When the heat kicks in, my cooking style shifts completely. I crave
things that are cool, refreshing, and still packed with bold flavor.
This Pineapple Jalapeño Dip hits every mark. Creamy with a sweet-tangy bite and
just the right touch of heat, it pairs beautifully with a chilled glass of
white wine on a warm evening. For dippers, I love using oversized croutons I
made from homemade
pizza bread, along with crisp apple slices, celery sticks,
and fresh pineapple chunks.
You can dial up the spice by leaving the seeds in the jalapeño—I usually do
because I enjoy that extra kick.

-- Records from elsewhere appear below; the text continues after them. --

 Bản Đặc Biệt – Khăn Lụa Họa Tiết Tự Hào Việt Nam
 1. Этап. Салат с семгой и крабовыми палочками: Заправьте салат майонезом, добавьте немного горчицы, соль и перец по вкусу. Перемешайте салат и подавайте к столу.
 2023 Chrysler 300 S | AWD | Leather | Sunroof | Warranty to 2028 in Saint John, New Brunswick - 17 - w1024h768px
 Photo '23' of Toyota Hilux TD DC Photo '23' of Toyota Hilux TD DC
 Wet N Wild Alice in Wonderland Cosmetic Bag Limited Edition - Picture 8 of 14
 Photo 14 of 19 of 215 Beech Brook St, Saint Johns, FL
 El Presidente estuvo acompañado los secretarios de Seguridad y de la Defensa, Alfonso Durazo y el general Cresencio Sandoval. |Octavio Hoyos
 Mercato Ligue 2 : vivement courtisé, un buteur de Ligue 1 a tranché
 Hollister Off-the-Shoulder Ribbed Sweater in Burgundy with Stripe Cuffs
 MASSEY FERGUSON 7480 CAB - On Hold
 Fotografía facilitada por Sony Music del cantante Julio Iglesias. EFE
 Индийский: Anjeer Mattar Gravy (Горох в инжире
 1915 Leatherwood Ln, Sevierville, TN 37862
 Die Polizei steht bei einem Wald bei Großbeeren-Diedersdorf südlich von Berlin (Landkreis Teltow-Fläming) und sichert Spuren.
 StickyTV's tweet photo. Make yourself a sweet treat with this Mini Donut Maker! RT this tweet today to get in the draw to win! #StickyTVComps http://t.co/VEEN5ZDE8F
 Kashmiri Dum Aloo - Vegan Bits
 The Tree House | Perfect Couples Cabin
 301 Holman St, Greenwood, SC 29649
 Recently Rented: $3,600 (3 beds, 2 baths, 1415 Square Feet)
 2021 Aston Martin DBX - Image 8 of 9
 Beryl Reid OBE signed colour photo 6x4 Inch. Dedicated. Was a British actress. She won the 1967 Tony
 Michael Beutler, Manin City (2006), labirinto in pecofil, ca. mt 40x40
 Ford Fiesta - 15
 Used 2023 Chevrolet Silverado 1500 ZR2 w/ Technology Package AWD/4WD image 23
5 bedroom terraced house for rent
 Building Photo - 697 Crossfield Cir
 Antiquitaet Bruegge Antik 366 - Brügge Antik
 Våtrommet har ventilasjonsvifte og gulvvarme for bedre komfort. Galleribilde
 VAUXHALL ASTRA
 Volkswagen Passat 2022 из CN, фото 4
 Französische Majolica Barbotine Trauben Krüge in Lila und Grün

I’ve also discovered it makes a fantastic
sandwich spread, especially on a ham sandwich. Feel free to experiment with the
ingredients or find new ways to serve it. Whatever you do, just make it—you’re
going to love it.
Pineapple Jalapeño Dip
1 12 oz. container whipped cream cheese
2 T. sour cream
1 8 oz. can crushed pineapple, drained
1 scallion, minced
1 Melissa’s pickled jalapeño, seeded (or not) and minced
1 t. garlic powder
1 t. sugar
½ t. kosher salt
Pinch Melissa’s
Chili Lime Seasoning
In a medium-size bowl, combine all of the
ingredients. Mix well.
Refrigerate for 2 hours before serving. I find it best when chilled overnight.
Serve with apple slices, celery sticks, fresh pineapple, croutons, crackers, whatever you like.